There are some less than stellar pieces on this album; "Stab City" and a couple of the untitled pieces don’t do much for me. However, they fit with the rest of the album. On their own I could take or leave them but the album feels incomplete without them. They set the scene for the tracks that are later in the album such as the fabulous "Cassino." It has a glassy sound with bells and watery noises generating a delicate mood and of course the thick but not heavy drone that Herbert uses pretty much all the time. The piece is long but evolves slowly to an almost crystal clear section of the recording of the bell sounds (which sound like a glockenspiel when listened to without all the noise in the way). It finishes off the piece perfectly. In lesser hands this album could be boring but Herbert pulls it off. Even on the track entitled "Let’s Get Boring!" he keeps it interesting. Not much happens in this piece but the overlapping drones sound like crashing waves, there is a natural quality to the heavily processed sound that makes it a joy to listen to.

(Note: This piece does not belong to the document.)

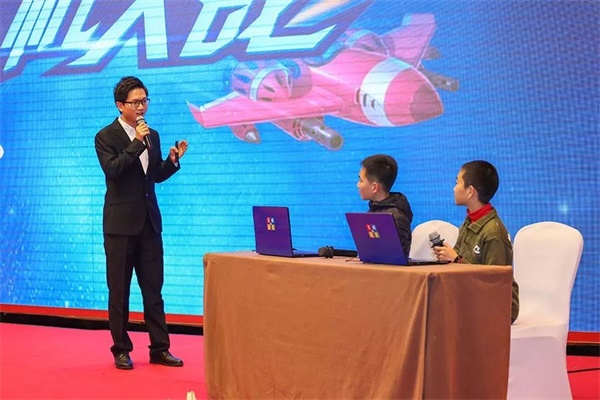 達人達己 聚力共贏| 2017-2018 達內2018年大型企業訂單洽談會召開，童程童美閃亮壓軸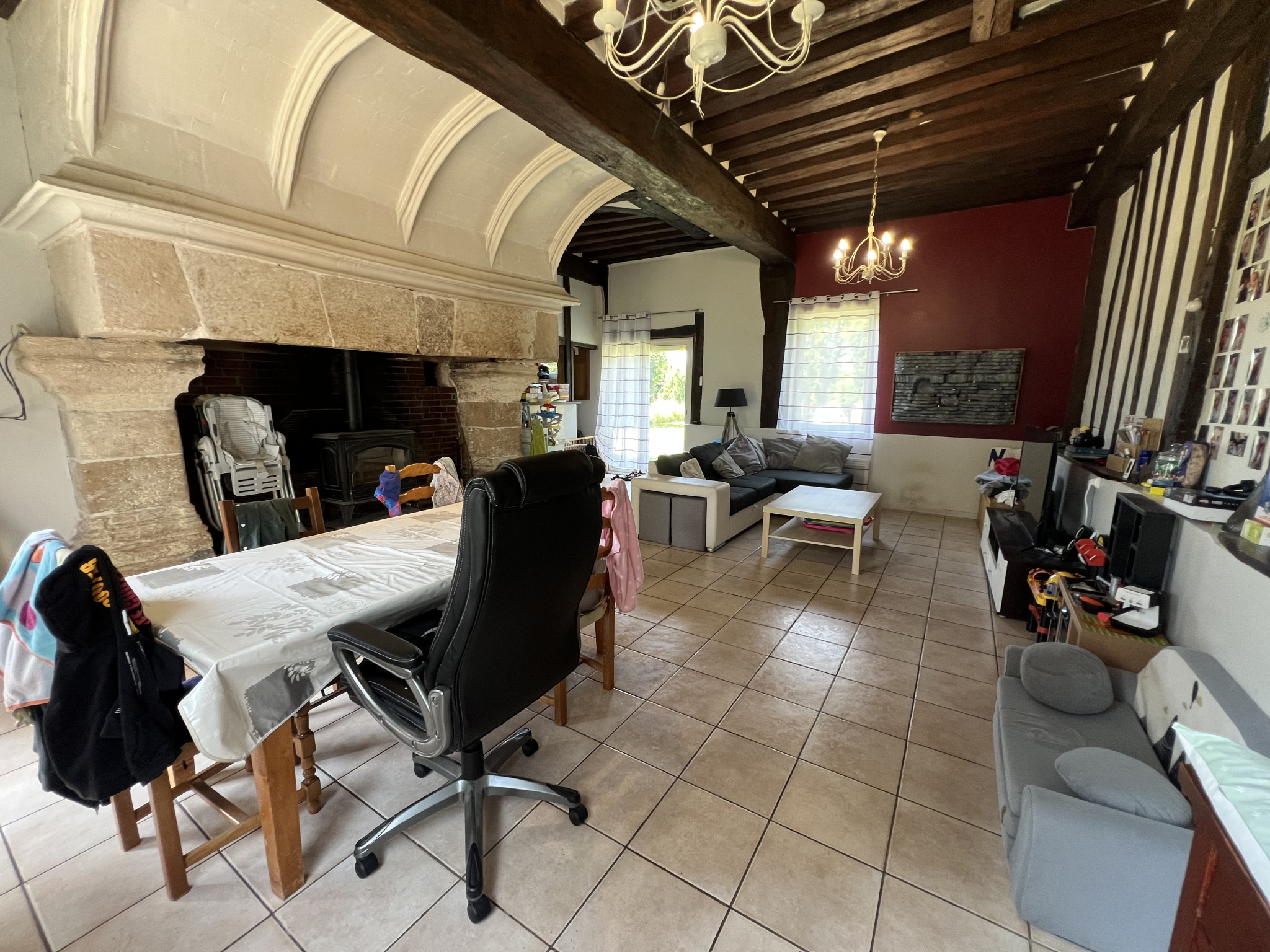 MAISON FAMILIALE AU VOLUMES GENEREUX A QUELQUES MINUTES DE BOURGTHEROULDE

Despite a rocky start this is a wonderful album. I particularly like the hollow, distant feel to much of the sound. The way Herbert uses echo makes huge segments of the music sound so far away which highlights the tinkering he does in the foreground. This wouldn’t be the best ambient music I’ve heard but it is a damn sight better than the majority of rubbish pushed out at the moment where any hack with a laptop and an hour of free time can make an ambient record.

[Note: the track listing on the back of the album is confusing (and the sleeve itself isn’t that nice to look at, it’s a horrible queasy brown color). There are seven pieces listed but there are 12 tracks on the CD. A little web investigation gives the track numbers corresponding to the titles, the rest presumably being untitled.]